Navire est demeuré masculin, erreur feminin, & il n'y a presentement sur cela aucune contestation.

2i. Académie, 1704 :

Navire, est aujourd'huy masculin & ce mot ne garde son ancien genre que lorsqu'on parle du vaisseau des Argonautes. On dit encore la Navire Argo. Erreur est feminin.

3. PAQUEBOT

3a. Trévoux 1704 (= 1752):

PAQUEBOT ou BAQUEBOUT : Vaisseau de passage pour les passans et Messagers. Tabellaria navis. Il y en a un qui traverse d'Angleterre tous les jours de Douvres à Calais qui sert de Messager d'Angleterre en France.

3b. Trévoux 1721:

PAQUEBOT ou BAQUEBOUT: Vaisseau de passage pour les passans et Messagers. Tabellaria navis. Il y en a un qui traverse d'Angletèrre tous les jours de Douvres à Calais qui sèrt de Messager d'Angleterre en France.

3c. Trévoux 1771:

PAQUEBOT. Plus ordinairement Paquetbot. C'est ainsi qu'on appelle les bâtimens qui passent & repassent d'Angleterre en France, en Hollande ou ailleurs. Il y en a un qui sert au passage de Douvres à Calais, & de Calais à Douvres, & pour porter les Lettres.

==> cf. Furetière et Ménage

3d. Ménage 1694:

PAQUÉBOT. Les Anglois appellent ainsi un petit vaisseau destiné à porter le paquet de Lettres: qui est un mot composé de boat, qui est une espece de petite barque, & de paquet, qui signifie paquet.

3e. Furetière 1690:

PAQUEBOT, ou Baquebouc. s. m. Vaisseau de passage pour les passants & Messagers. Il y en a un qui traverse d'Angleterre tous les jours de Douvres à Calais, qui sert de Messager d'Angle-terre en France.

4. PAQUEFIC

4a.
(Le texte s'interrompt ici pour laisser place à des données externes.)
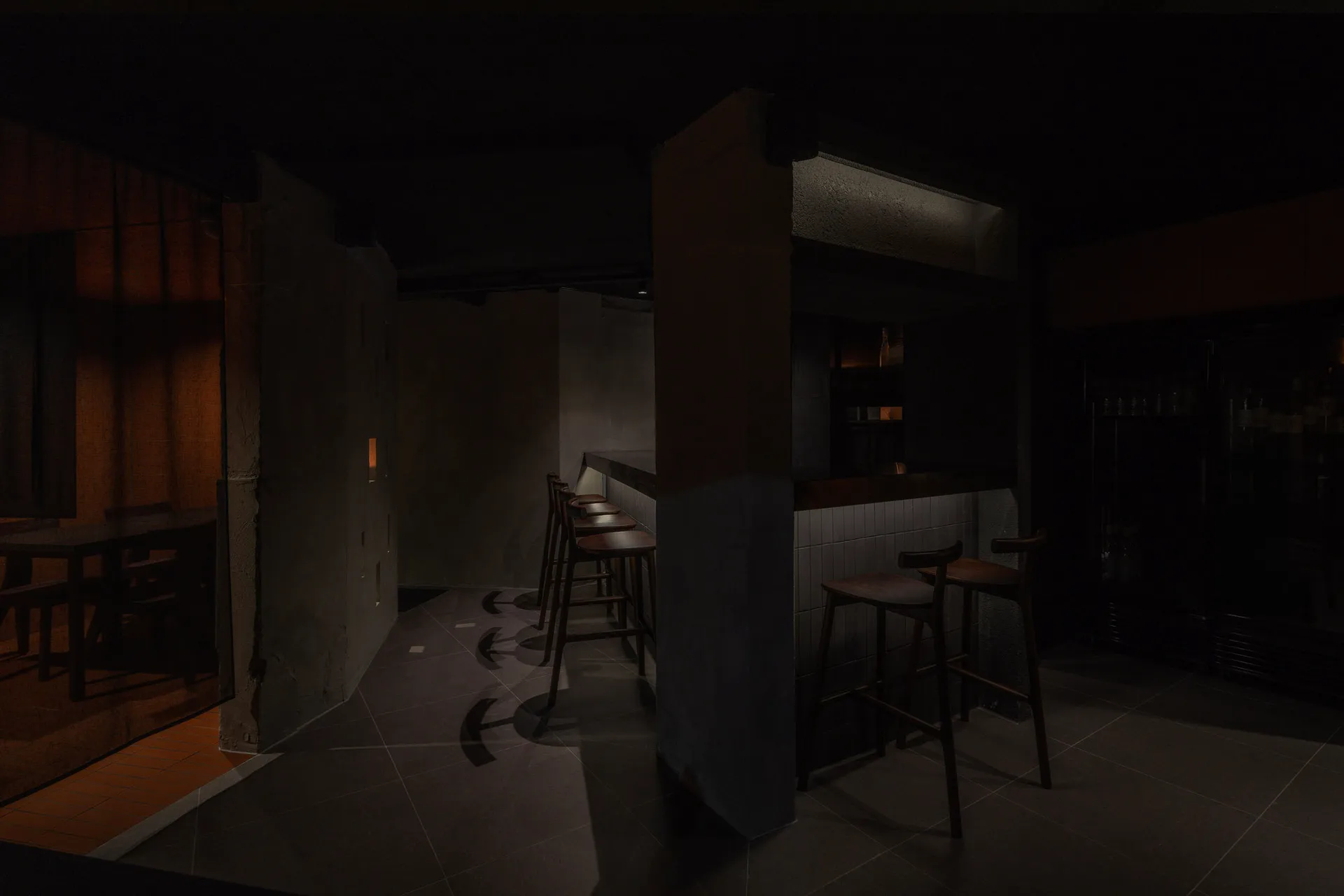 A minimalist bar interior featuring wooden stools, concrete walls, and metallic accents.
Trévoux 1704 ( = Trévoux 1721 : simple ajout d'accent à tèrme; 1752 et 1771 sans accent) :

PAQUEFIC. s. m. Terme de Marine. On disoit autrefois papefif, & on dit aussi pacfi, ou pafi. Decumanum velum, artemon. C'est le nom qu'on donne aux deux basses voiles. La grande voile qui tient à la croisée du milieu du grand mât, s'appelle le grand pacfi. La panse en est le milieu, qui s'avance quand elle a le vent dedans. Le petit pacfi ou pafi du bourset est la voile de misaine. Epidromon, velum ad puppim. Etre aux deux pacfics, c'est être aux deux basses voiles.

=> lecture du -s long, -s ou -f pour la première forme papefif ou papefis ? cf. l'entrée PAPEFIF DE NAVIRE dans 1704, 1721 et PAPÉFIF DE NAVIRE dans 1752 et 1771.

4b. Trévoux 1704, 1721, 1752 et 1771

PAPÉFIF DE NAVIRE : C'est selon Pomey, la partie supérieure d'une voile. Voyez PAQUEFIC. Majus velum mediani mali.

==> cf. Furetière 1690 :

PAQUEFIC. s. m. Terme de Marine. On disoit autrefois papefis, & on dit aussi pacfi, ou pafi. C'est la grande voile qui tient à la croisée du milieu du grand mast, ce qui s'appelle le grand pacfi. La panse en est le milieu, qui s'avance, quand elle a le vent dedans. Le petit pacfi ou pafi du bourset est la voile de misaine.

=> une entrée PACFI avec renvoi à Paquefi mais aucune entrée pour papefis et pafi.

(sv. BOURSET : rv. bourcet et sv. BOURCET: Nom qu'on donne au mast de misaine, & à la voile.)